WHAT THE EXERCISE ASKS: Please return exactly the line that contains "We're going to" and every line after it, through the last line of the records below, with no pictures.

[Stored items]
- Opening Delimiter -

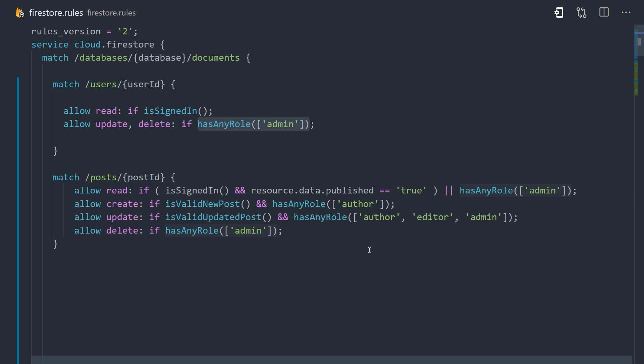And you might also notice that we don't have a create operation for the user's profile. That's very common because a good way to create a user profile is with a Firebase Cloud Function. That's beyond the scope of this course, but when you can do things on the backend like that, it can often simplify your rules. Because a Cloud Function is a secure backend environment, it doesn't need to go through the rules to allow an operation.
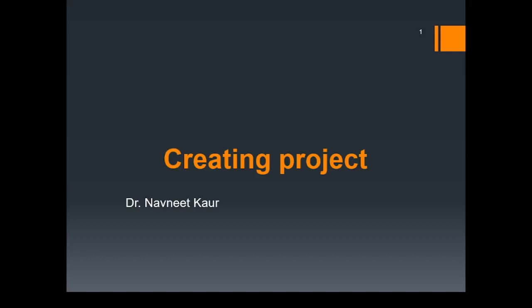Welcome to this lecture. In this lecture, we'll learn to create a Django project and understand the project structure. Let's get started.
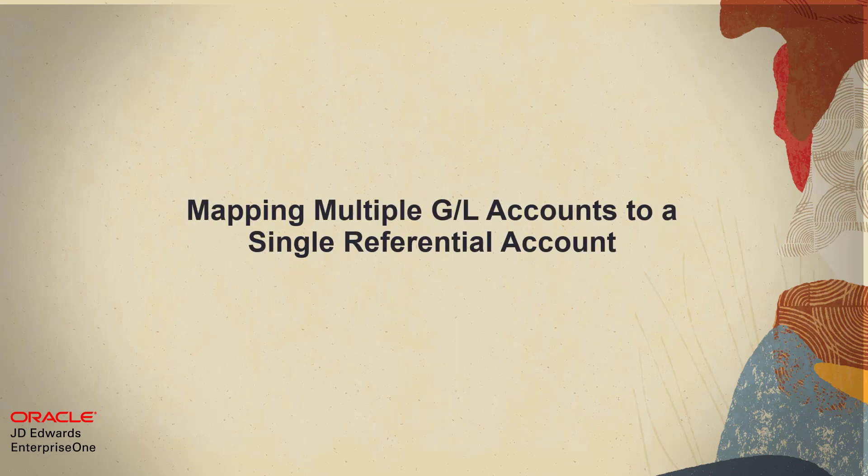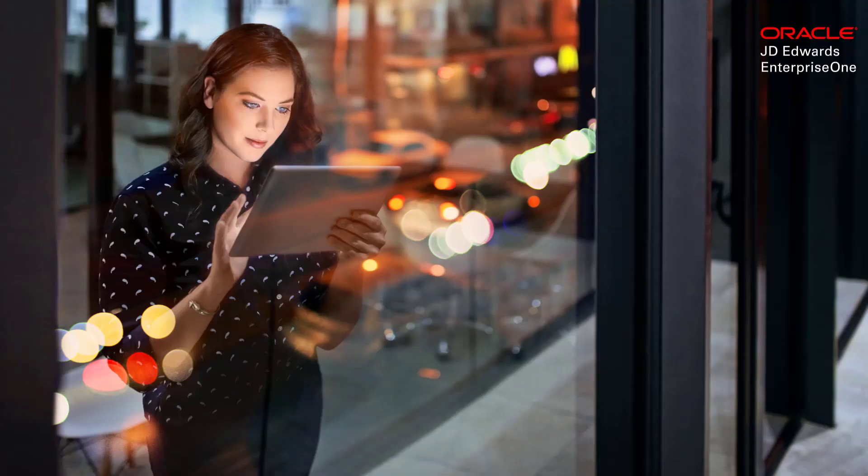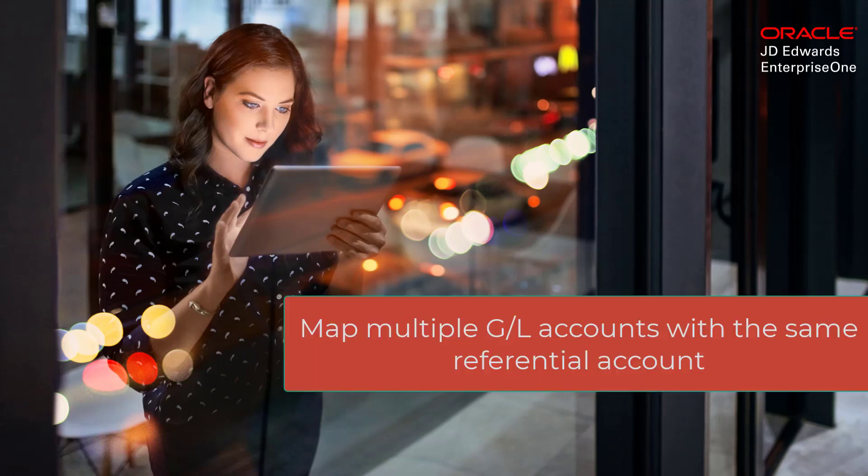Did you know that Enterprise One provides a way to map multiple GL accounts to a single referential account? The Enterprise One application Work with Referential Accounts by Account can now map multiple GL accounts with the same referential account.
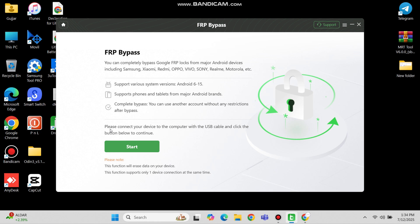Here you can see this tool supports various system versions from version 6 to version 15. This tool also supports all major Android smartphone brands.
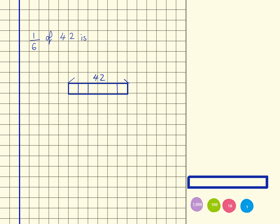I'm just adding these two up here. So to calculate 1/6, what I actually need to do is I need to take 42 and divide it by 6. Now I'm going to write out the 6 times table to help me with this.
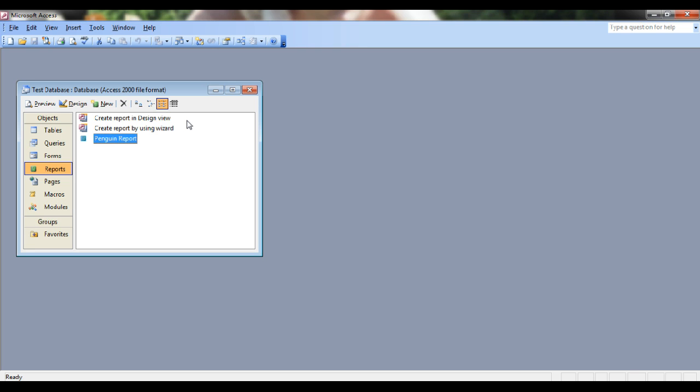If your file is very large, this process can take quite a while. You'll see a green loading bar at the bottom of the screen while it's compacting.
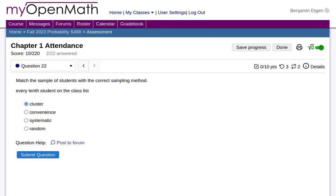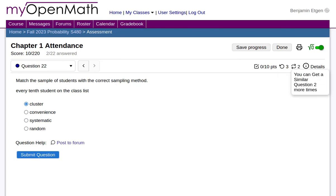Let's take a look at how MyOpenMath shows you how many tries you have left and how many similar questions you have remaining, and how to get to them.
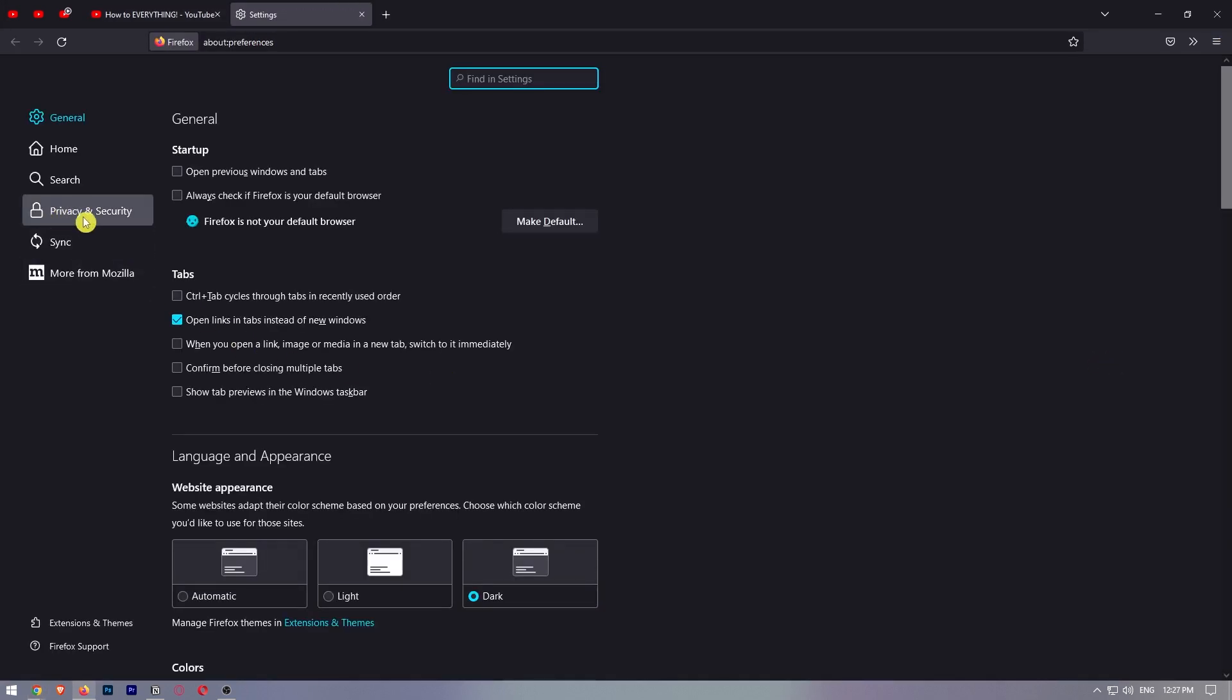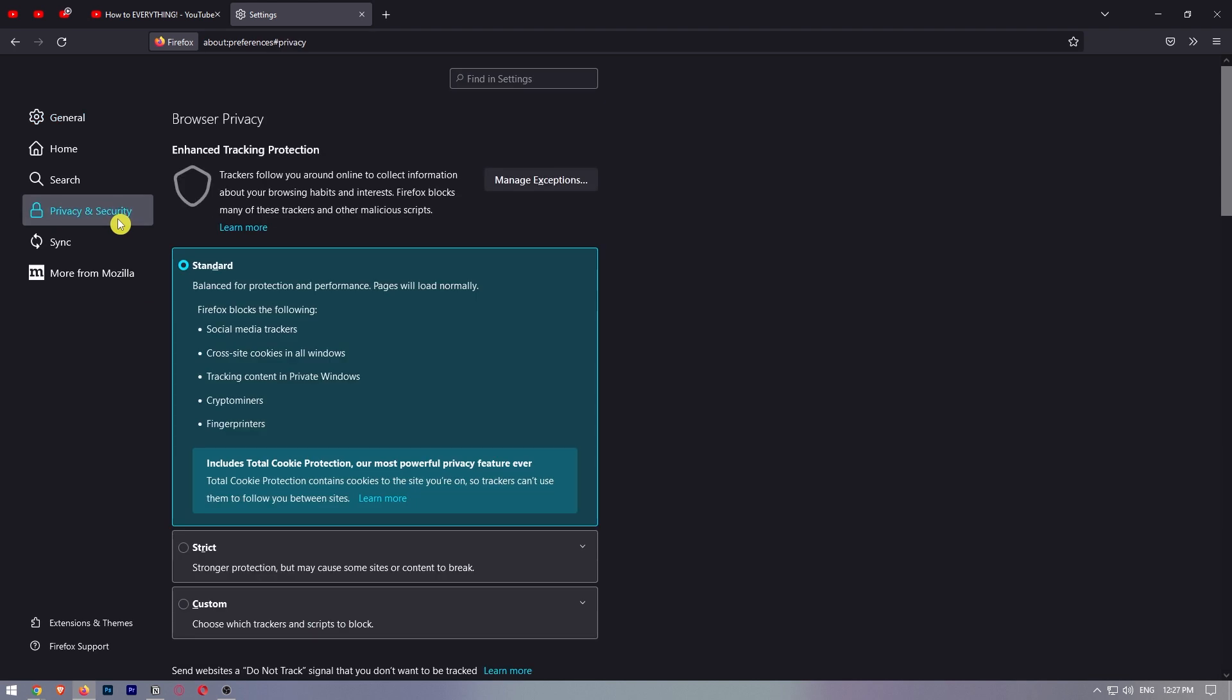We're going to select the option for privacy and security from the few choices that are available on the left side of the screen.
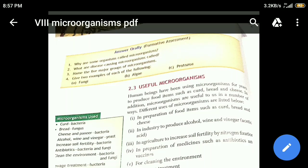Welcome back to the chapter on microorganisms. In previous lessons, I explained what microorganisms are, where they are found, and the different types of microorganisms. We also covered why microorganisms are useful and how they can be used in different areas. Today, let us discuss some more uses in detail.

- Closing Delimiter -

RESPONSE TO THE TASK:
We're going to select the option for privacy and security from the few choices that are available on the left side of the screen.
Welcome back to the chapter on microorganisms. In previous lessons, I explained what microorganisms are, where they are found, and the different types of microorganisms. We also covered why microorganisms are useful and how they can be used in different areas. Today, let us discuss some more uses in detail.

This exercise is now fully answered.